Love this! Just when you think that a genre like tile puzzle games has been completely done, something like this comes along and shows a new way of thinking about it.
The most amazing thing about this game is how it manages to be so creative and different while being so simple.
Thanks! I shouldn't take all the credit for it though. The game is basically a clone of the two games I've been inspired by, as an attempt to make my own version and learn new things along the way!
It's similar, but different. With Threes you combine 1s and 2s to make 3s, then similar numbers to double them. Also, the tiles in Threes only shift at most one spot at a time - with this game, everything's flung to the other side of the board.
I agree, there's something satisfying about sliding all the things with just one keystroke. I wonder if it's like that desire to chuck things in parabolic arcs that made Angry Birds so popular? I actually bought Threes from the iOS App Store but I've spent much more time on this game for whatever reason.
I think I should consider the 256 tile that I got in the second game a moral victory and quit my browser before I seriously trash my schedule today. :)
I got the hang of it during my first play, and ended up with 512 with a 256. I suspect there may be a system that lets you clean up the mess without creating too much new mess.
Maybe Monday morning is finding me too pedantic, but this is similar to Threes (http://threesgame.com), not just like Threes. There are some pretty obvious differences, from the movement of the tiles to the requirements for tile mergers (multiples of 2 rather than 3). The comments thus far do not make that distinction.
I discovered Threes only today, and I had no idea it looked so similar. I searched a bit and it appears as if 1024 is also inspired by Threes, so my game is probably the last of a long chain of clones :P
The latest stats show no "game-win" events :P It might just be a matter of time though.

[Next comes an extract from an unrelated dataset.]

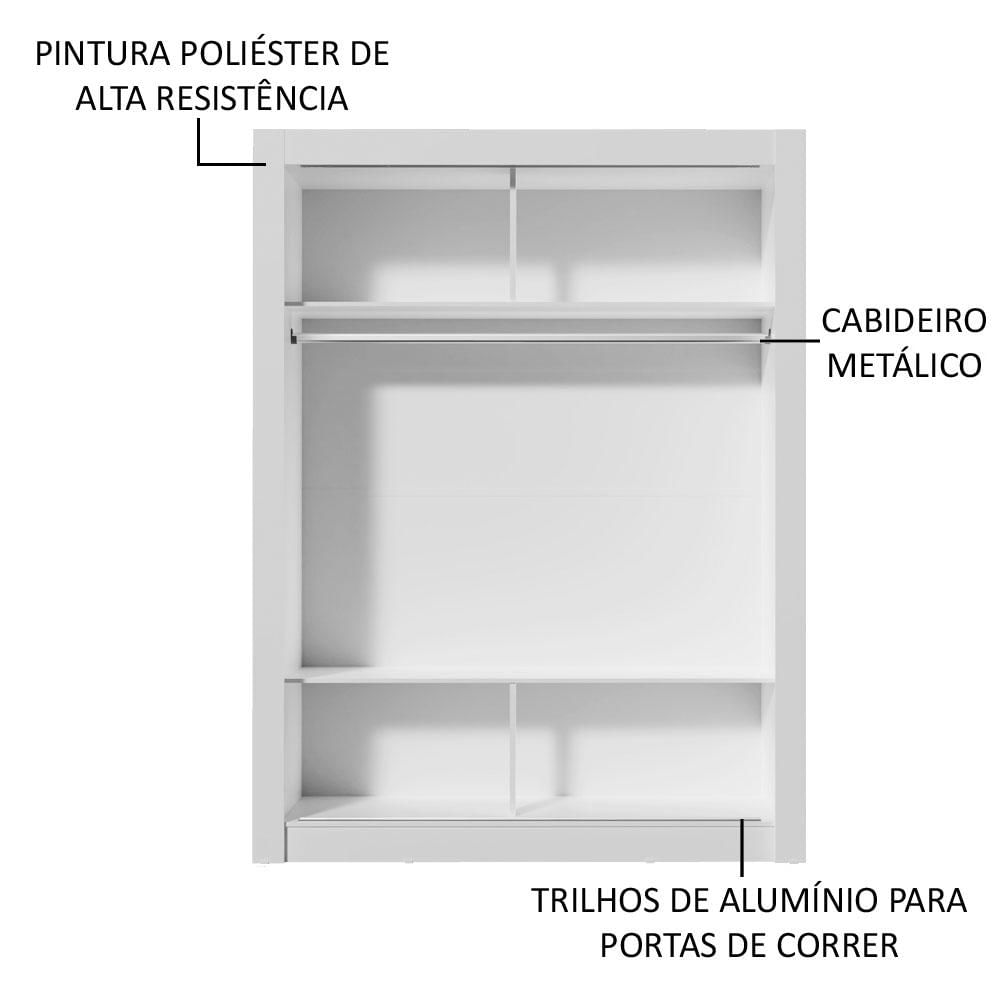 Guarda-Roupa Solteiro Madesa Denver 2 Portas de Correr - Branco/Rustic Branco/Rustic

EDIT: oops, there was a bug in the win/lose tracking so I probably missed out on a few wins. I fixed it now, so it should hopefully track it if someone else wins!
With enough tries anything is possible. There is probably even a person who ascended nethack on his first try (using the wiki of course, we're still talking things with p > 0) and didn't play it again because it's too easy and boring.
There's actually a semi-optimal strategy that nearly guarantees winning if you're diligent about it. Just build a stairstep pattern with the highest numbers in the bottom corner of the stairs. Then basically combine sideways and downward and "always" resist the temptation to push up. Its kind of how some tri-diagonal matrix algorithms work. The only problem is you have to be fastidious about never using the one direction you've reserved as your excluded case (Up in my example) as that can screw your staircase by putting a [2] right underneath your wonderful [1024]. Just move blocks back and forth, waiting for the right blocks to create combo patterns, while generally storing lower cost blocks on the outside of the stairs, and then snake them through the stairs when you get a chain set up.
I was surprised at how well that worked. I was basically blindly cycling between left,down,right (with one accidental up) and got to 1024 on my first try.
I found one not-completely-horrible strategy was just blindly running round the curser keys.. eg. up - right - down - left, repeatedly. Got near 4000 points with that..
Great game though - wasted waaay too much time last night playing.
It's a good start but you will get stuck at higher level. in your case focus on increasing the value on the bottom left. When possible, shift the last line to the right. Never go up.
This would be cool. I think winning in the fewest moves would be the most impressive. i.e. how few tiles you 'waste'. Though winning with the lowest score may approximate this.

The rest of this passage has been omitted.